These experiments utilize the dataset from Luciw et al 2014. The subjects wore a 32-channel, 500 Hz EEG cap and performed a task involving grasping and lifting an object (video 1, video 2). The model is trained to classify the last observed sample according to its associated part of the motor task. That is, the model is fed EEG data "as it is made", and can therefore be used in real time. Each of the twelve participants performed eight trials.
The classification task was solved (>99% accuracy) across a split of subjects with clear evidence of generalization. A model was trained on eight subjects and generalized almost perfectly to three novel subjects. In other words, the best possible outcome was achieved. Validation accuracy observed stable dynamics and efficient convergence:
Validation accuracy by step. Converges to >99% at roughly 60,000 steps.
For reference, here is the training accuracy and loss, respectively:
Training accuracy by step, with aggressive smoothing applied.
This performance was achieved by training a 4.4 million parameter ResNet-style architecture for about three hours on a single 1080 Ti.
Generalization across subjects could only be achieved after balancing each minibatch's distribution of labels. With unbalanced labels, the network would converge to ~99% accuracy very quickly, making it necessary to compute a relative accuracy metric that normalizes performance above baseline accuracy. This presented issues with precision, as the optimizer would be forced to work on numbers within a very small range - differences of <2% accuracy in this case. There were issues with optimization more broadly, as batches often lacked labeled examples entirely. ResNet's extensive use of batch normalization is reported to perform poorly with unbalanced labels, so the balancing appears critical to this experiment's success.
There are three ways to approach this supervised experiment: by splitting train/test examples randomly, by splitting the subjects into train/test groups, and by splitting the trials into train/test groups. EEG is notorious for its sensitivity to electrode placement, making generalization across subjects (and even trials) nontrivial. Each method was investigated.
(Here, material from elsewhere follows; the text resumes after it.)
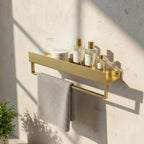 Police do koupelny SF01 60cm gold brush  10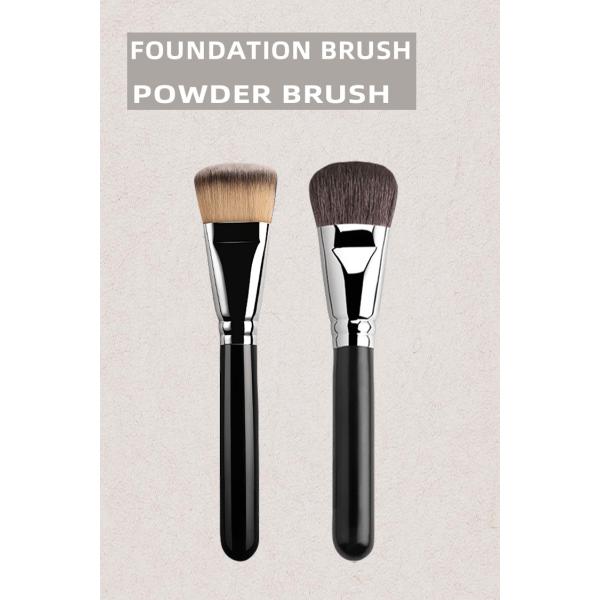 A17 Dry And Wet Dual-Use Foundation Powder Brush With Animal Hair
Randomly assigning examples from the dataset to be withheld for validation is the simplest and least sophisticated way to create a training split. It has the distinct advantage of ensuring the validation examples are substantially similar (but not identical) to training examples. This reliably induces overfitting, which can be leveraged in the early stages of an experiment to ensure a working implementation. The following training dynamics serve as evidence that various aspects of the experiment function as expected:
Optimizing vanishingly small differences in accuracy yields similarly noisy dynamics, characteristic of a floating point precision bottleneck.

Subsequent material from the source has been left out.